Dataset excerpts:
====

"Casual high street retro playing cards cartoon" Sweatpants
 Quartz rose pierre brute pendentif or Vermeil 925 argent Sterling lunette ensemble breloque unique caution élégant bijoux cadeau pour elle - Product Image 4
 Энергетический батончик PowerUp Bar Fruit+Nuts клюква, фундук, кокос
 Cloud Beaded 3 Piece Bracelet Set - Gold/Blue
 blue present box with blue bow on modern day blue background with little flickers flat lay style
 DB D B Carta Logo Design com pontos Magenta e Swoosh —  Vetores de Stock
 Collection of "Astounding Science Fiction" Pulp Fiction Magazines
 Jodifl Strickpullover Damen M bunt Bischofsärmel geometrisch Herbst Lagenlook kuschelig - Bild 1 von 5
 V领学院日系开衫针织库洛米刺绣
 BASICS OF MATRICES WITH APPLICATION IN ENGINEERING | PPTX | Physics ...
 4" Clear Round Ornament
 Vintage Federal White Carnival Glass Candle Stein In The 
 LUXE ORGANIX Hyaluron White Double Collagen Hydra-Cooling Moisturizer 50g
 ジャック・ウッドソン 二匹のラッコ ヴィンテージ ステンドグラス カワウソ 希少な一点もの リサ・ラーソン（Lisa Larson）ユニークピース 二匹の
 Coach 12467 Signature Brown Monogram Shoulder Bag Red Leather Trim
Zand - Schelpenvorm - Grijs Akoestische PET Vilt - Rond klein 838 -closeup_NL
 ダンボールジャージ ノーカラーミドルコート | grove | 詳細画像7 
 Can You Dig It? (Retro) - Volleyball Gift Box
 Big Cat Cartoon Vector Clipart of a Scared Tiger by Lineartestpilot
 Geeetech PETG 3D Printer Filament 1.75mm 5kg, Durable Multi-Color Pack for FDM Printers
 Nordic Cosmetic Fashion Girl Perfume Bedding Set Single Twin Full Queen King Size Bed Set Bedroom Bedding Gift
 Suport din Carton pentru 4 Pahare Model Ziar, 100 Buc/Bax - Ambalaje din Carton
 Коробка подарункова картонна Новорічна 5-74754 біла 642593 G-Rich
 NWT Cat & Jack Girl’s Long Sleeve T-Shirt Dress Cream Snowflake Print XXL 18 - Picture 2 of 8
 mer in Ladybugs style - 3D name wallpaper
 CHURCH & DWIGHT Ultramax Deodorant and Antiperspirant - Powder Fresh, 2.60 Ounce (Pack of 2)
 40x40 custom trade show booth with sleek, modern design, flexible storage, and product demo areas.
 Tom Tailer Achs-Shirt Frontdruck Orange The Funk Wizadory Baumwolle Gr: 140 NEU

====

• [EXERCISE AIM]: Above are the records; from them, give again exactly the lines from the one containing "Cloud Beaded 3" through the one containing "V领学院日系开衫针织库洛米刺绣", both included.

• [COMPLETED TASK]:
 Cloud Beaded 3 Piece Bracelet Set - Gold/Blue
 blue present box with blue bow on modern day blue background with little flickers flat lay style
 DB D B Carta Logo Design com pontos Magenta e Swoosh —  Vetores de Stock
 Collection of "Astounding Science Fiction" Pulp Fiction Magazines
 Jodifl Strickpullover Damen M bunt Bischofsärmel geometrisch Herbst Lagenlook kuschelig - Bild 1 von 5
 V领学院日系开衫针织库洛米刺绣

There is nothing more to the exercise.